Don't know the barrel length or make of your .44 mag but I would sell it and get a four inch Smith 629 or 629 mountain gun as they are the lightest all steel (controllable) .44 mags available, have nice triggers out of the box also.


----------



## Bo0YaA

I have the 5" Ruger Super Blackhawk which has been magnaported. Single action is great for shooting pins but not so good if it were to come down to self protection. Ive also been looking at a Glock 20 SF in the 10mm and for another $114.00 I could get the .40 SW or .357 Sig barrel as well.


----------



## Bax*

Wasnt there a story some years ago about a guy who was treed by a brown bear and had a .22LR pistol that shot the bear in the eye and killed it?

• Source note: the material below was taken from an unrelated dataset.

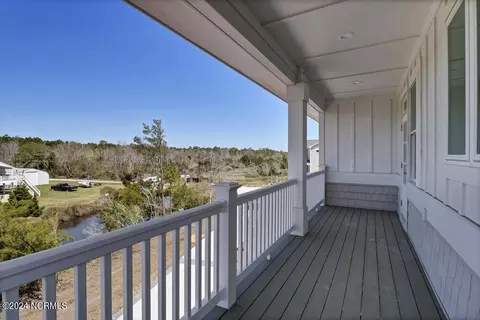 Exterior - 110 Key Largo Dr, Hampstead, NC 28443 photo 11 of 21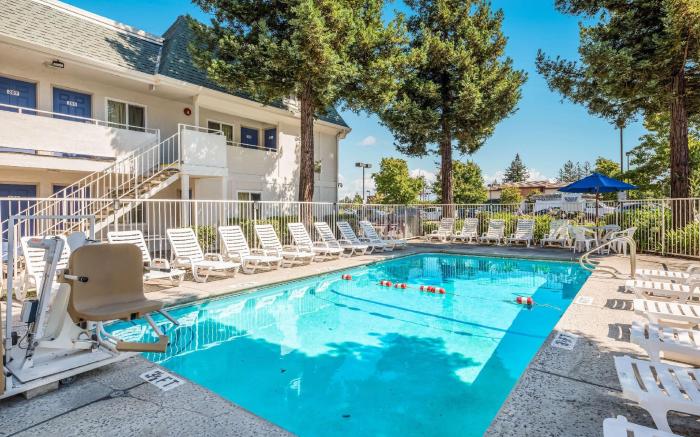 Motel 6 Rohnert Park, CA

Point being, I guess any gun is enough if you are lucky enough to hit the bear in the eye! But I wouldnt want to trust my safety with a .22. I would think a .40 SW would carry enough energy to kill a bear, but I wonder how the bullet would hold up passing through all that fat and muscle?


----------



## bowgy

When I first was looking into going to Alaska I asked a friend of mine who has hunted there a lot, if I should take a .44 mag pistol for bear defense. He said; "Sure...just grind off the front sight and polish it up real smooth....that way when the bear takes it away from you and shove's it up your........ it won't hurt so much".

Anyway, I also thought a good bear pistol might be the Desert Eagle in .50AE. More power and less recoil than the .44 mag revolver.


----------



## buckley

i have a .40 and i take that thing everywhere. and i shoot it enough to feel comfortable enough that i know if the situation occured i would feel confident in that round.


----------



## Gee LeDouche

bowgy said:


> When I first was looking into going to Alaska I asked a friend of mine who has hunted there a lot, if I should take a .44 mag pistol for bear defense. He said; "Sure...just grind off the front sight and polish it up real smooth....that way when the bear takes it away from you and shove's it up your........ it won't hurt so much".
> 
> Anyway, I also thought a good bear pistol might be the Desert Eagle in .50AE. More power and less recoil than the .44 mag revolver.


I'm afraid your friend in alaska needs his head checked. I dont know of any animal on the planet that can withstand 1000+ pounds of ballistic energy.


----------